Pull any NYC Open Data dataset from a Socrata JSON endpoint
Source:R/nyc_any_dataset.R
nyc_any_dataset.RdDownloads data from any NYC Open Data Socrata JSON endpoint and returns the result as a tibble. This function is useful for datasets that are not included in the curated catalog returned by [nyc_list_datasets()].
Usage
nyc_any_dataset(
json_link,
limit = 10000,
timeout_sec = 30,
clean_names = TRUE,
coerce_types = TRUE
)Arguments
- json_link
A single Socrata dataset JSON endpoint URL, such as `"https://data.cityofnewyork.us/resource/erm2-nwe9.json"`.
- limit
Number of rows to retrieve. Defaults to 10,000.
- timeout_sec
Request timeout in seconds. Defaults to 30.
- clean_names
Logical. If `TRUE`, column names are converted to snake_case using [janitor::clean_names()]. Defaults to `TRUE`.
- coerce_types
Logical. If `TRUE`, the package attempts lightweight, heuristic-based type coercion after downloading the data. Columns are converted only when at least 95 percent of non-missing values can be parsed as the target type. This helps avoid unsafe conversions when source data are inconsistent.
Details
NYC Open Data datasets have Socrata JSON endpoints that usually follow this pattern:
`https://data.cityofnewyork.us/resource/<dataset_uid>.json`
For example, the 311 Service Requests dataset has the Socrata UID `"erm2-nwe9"`, so its JSON endpoint is:
`https://data.cityofnewyork.us/resource/erm2-nwe9.json`
Users can find a dataset's UID from the NYC Open Data Portal URL, the API documentation page for the dataset, or the output of [nyc_list_datasets()].
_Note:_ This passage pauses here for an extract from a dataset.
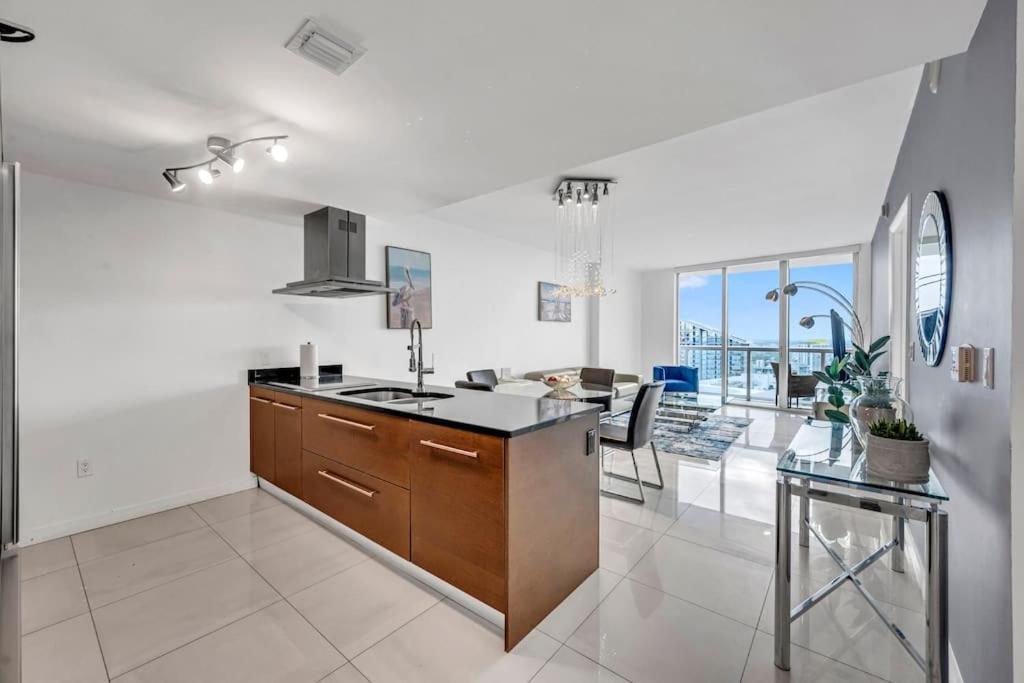 Luxury 1Br Condo W Icon Brickell-Freespa 마이애미 외부 사진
`nyc_any_dataset()` bypasses the package catalog and sends a request directly to the supplied JSON endpoint. Unlike [nyc_pull_dataset()], it does not look up defaults such as catalog keys, date fields, or default ordering.
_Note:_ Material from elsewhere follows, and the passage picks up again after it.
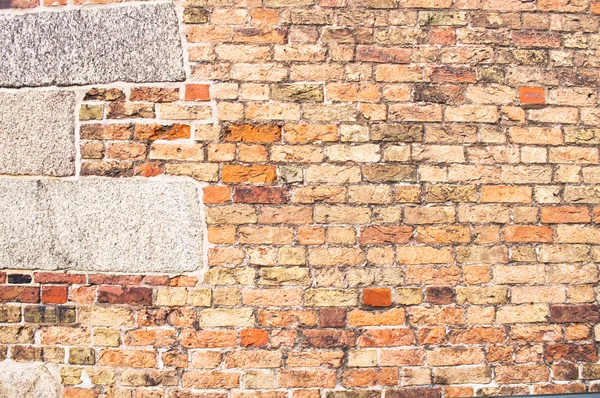 Tuğla duvar ve taş detay — Stok fotoğraf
This function is intended for direct endpoint access. For catalog-based workflows using readable keys or Socrata UIDs, use [nyc_pull_dataset()].
Examples
# Examples that hit the live NYC Open Data API are guarded so CRAN checks
# do not fail when the network is unavailable or slow.
if (interactive() && curl::has_internet()) {
# Build a JSON endpoint from a Socrata UID
uid <- "erm2-nwe9"
endpoint <- paste0("https://data.cityofnewyork.us/resource/", uid, ".json")
out <- try(nyc_any_dataset(endpoint, limit = 3), silent = TRUE)
if (!inherits(out, "try-error")) {
head(out)
}
}